Вторая часть книги переводит политико-богословские категории в пространство культурной антропологии и представляет национальную идею «в лицах». Автор справедливо замечает, что история не существует без конкретных личностей, в которых эпоха приобретает характер, волю и направление. Он выделяет византистский, евангелистский, секулярный и маргинальный религиозные типы. Тип здесь не означает исчерпывающего психологического диагноза: это преобладающая духовная ориентация, способ отношения к Богу, Церкви, государству, свободе и нравственному закону. Византистский человек склонен к дисциплине, иерархии, сакрализации власти и защите корпоративного единства. Евангелистский тип строится на личной вере, обращении, библейской открытости и нонконформизме. Секулярный тип либо отвергает Бога, либо подменяет Его автономным человеческим разумом и идеологией. Маргинальный тип существует на границах этих миров, сочетая несовместимые импульсы и обнаруживая драматическую раздвоенность российской духовной истории. Такая типология придает книге композиционную цельность: биографические очерки не являются приложением к первой части, а служат проверкой ее категорий на конкретном историческом материале.
Первым представителем византистского типа выступает Иосиф Волоцкий. Бачинин признает его выдающийся организаторский талант, способность создать дисциплинированную монастырскую общину и влияние на формирование централизованной государственности. Однако внешняя упорядоченность монастырской жизни, постоянный надзор и безусловное послушание рассматриваются как выражение дисциплинарной религиозности, в которой институт получает преимущество перед личностью. Учение Иосифа о сакральности царской власти создало богословское основание государственного православия: монарх становился хранителем чистоты веры и получал право преследовать еретиков. Черно-белая картина мира, нетерпимость к несогласию и оправдание репрессий оказываются для автора признаками византистской ментальности. При этом образ Иосифа не вполне карикатурен: Бачинин отмечает, что его программа соответствовала задачам молодой государственности и что сам он стремился к церковному обновлению. Трагедия заключалась в выборе преимущественно внешних, административных и принудительных средств преобразования.
Иван Грозный изображен как воплощение византистского двоедушия. В нем соединялись искренняя вера, образованность, интерес к богословию, государственный талант и одновременно жестокость, сладострастие, подозрительность и сознание собственной безнаказанности. Царь мог каяться в преступлениях, а затем вновь возвращаться к насилию. Цезаропапистская идеология позволяла ему видеть в монархической власти прямое выражение Божьей воли и ставить себя выше человеческого суда. Таким образом, вера не преобразовывала государя, а становилась частью богословия политического самообожания. Константин Победоносцев представляет более позднюю и бюрократическую форму того же типа. Его недоверие к демократии, конституционализму, свободе печати и религиозному разнообразию сочеталось с защитой самодержавия и государственной опеки над Церковью. В противодействии редстокизму и пашковскому движению автор видит стремление сохранить не столько православную истину, сколько административную монополию. Победоносцев становится символом системы, которая пыталась остановить общественные изменения запретами и тем самым способствовала накоплению революционного напряжения.
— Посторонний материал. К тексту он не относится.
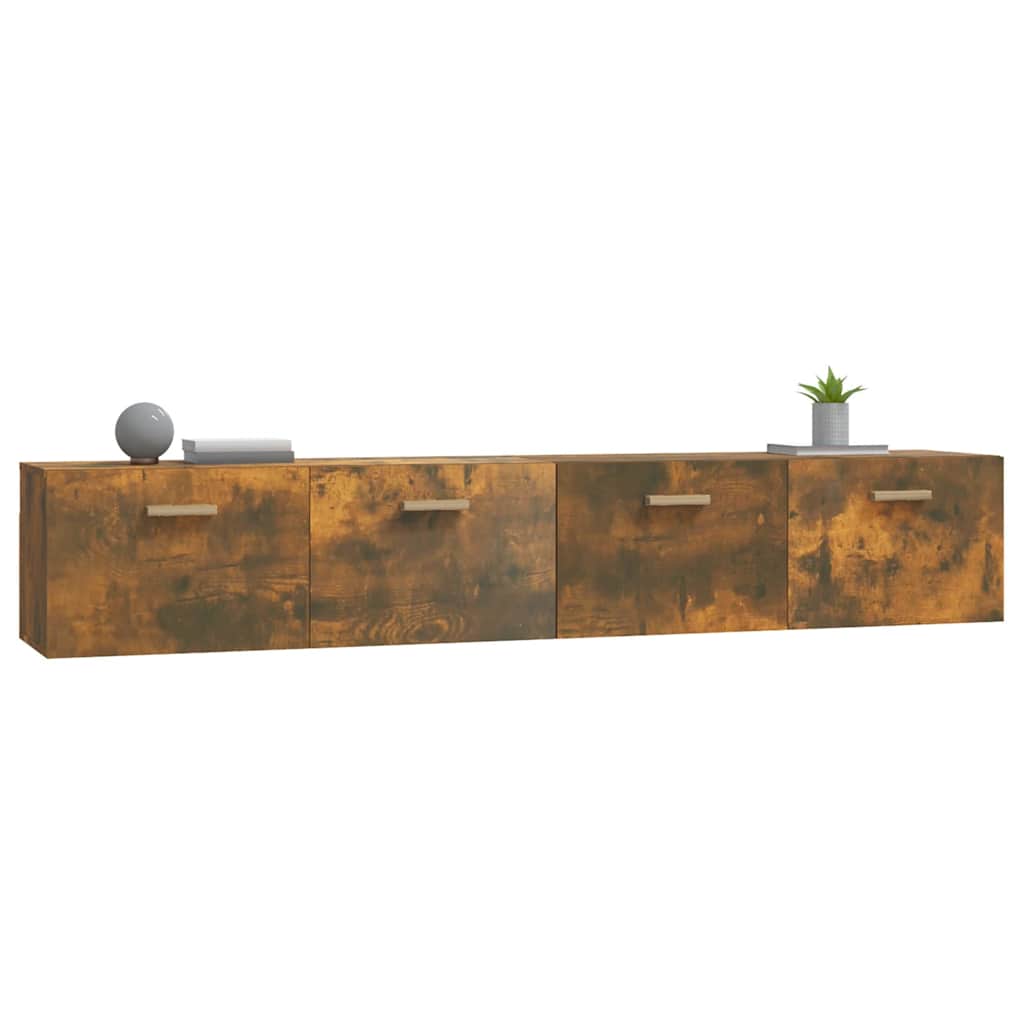vægskabe 2 stk. 100x36,5x35 cm konstrueret træ sonoma-eg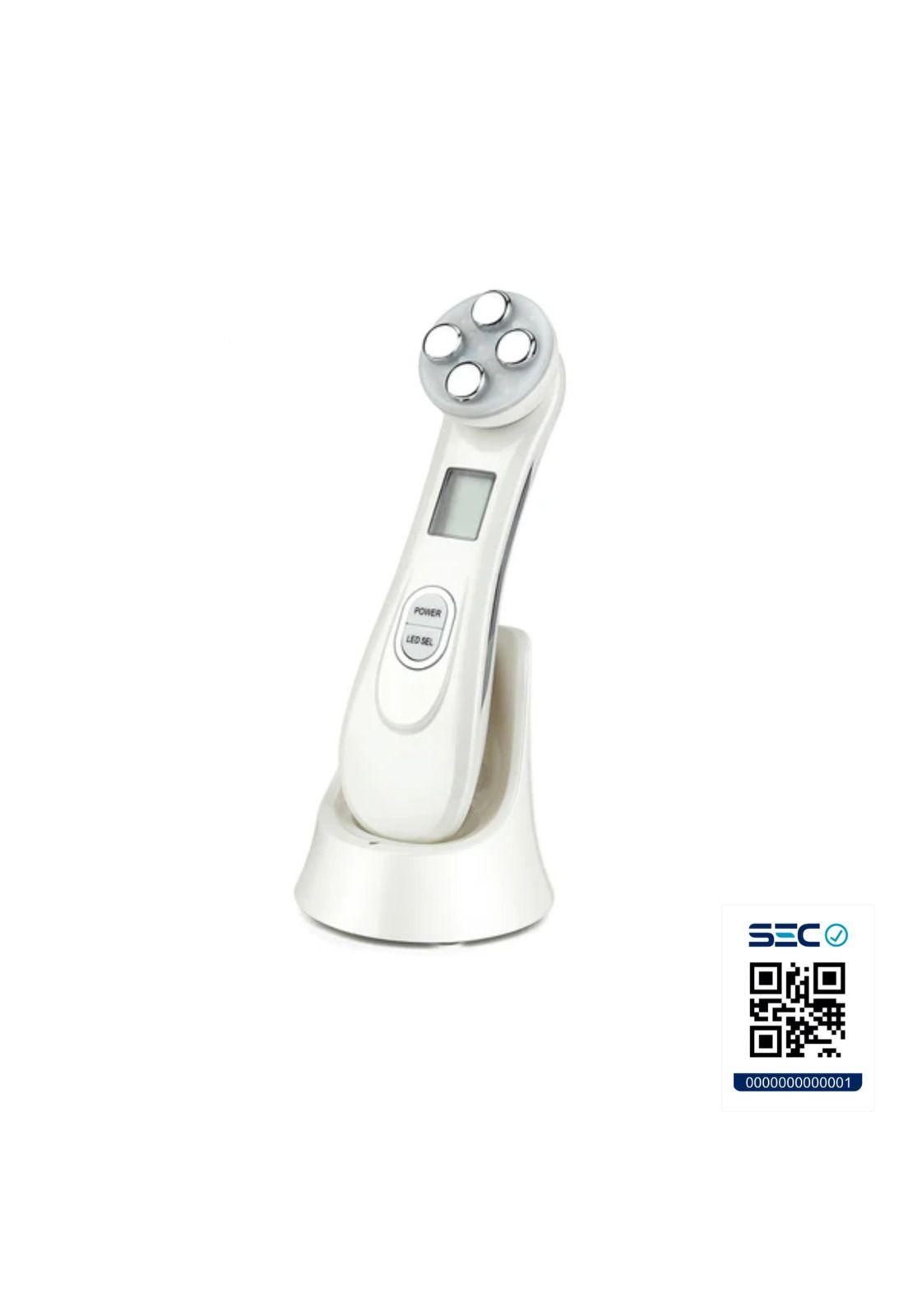 Radiofrecuencia Facial Masoterapia LED Luz EMS Masajeador 6 en 1-5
Евангелистский ряд начинается с новгородских стригольников, рассматриваемых как участники первой несостоявшейся русской Реформации. Их протест против симонии, нравственного разложения духовенства и продажи церковных действий интерпретируется как стремление восстановить евангельскую чистоту, а не разрушить Церковь. Вторая волна реформаторского движения, получившая от противников уничижительное название «жидовствующих», также оценивается автором значительно благожелательнее, чем в традиционной конфессиональной историографии. Нил Сорский становится центральной фигурой антивизантистского православия. Его нестяжательство, внутреннее делание, отказ от насильственного преследования еретиков и критика монастырского богатства сближают его с евангельской духовностью. В противопоставлении Нила и Иосифа автор видит не только конфликт двух монахов, но борьбу двух долговременных моделей церковности. Победа иосифлянства означала торжество институционального могущества над духовной свободой, однако память о Ниле сохранила возможность иной православной традиции.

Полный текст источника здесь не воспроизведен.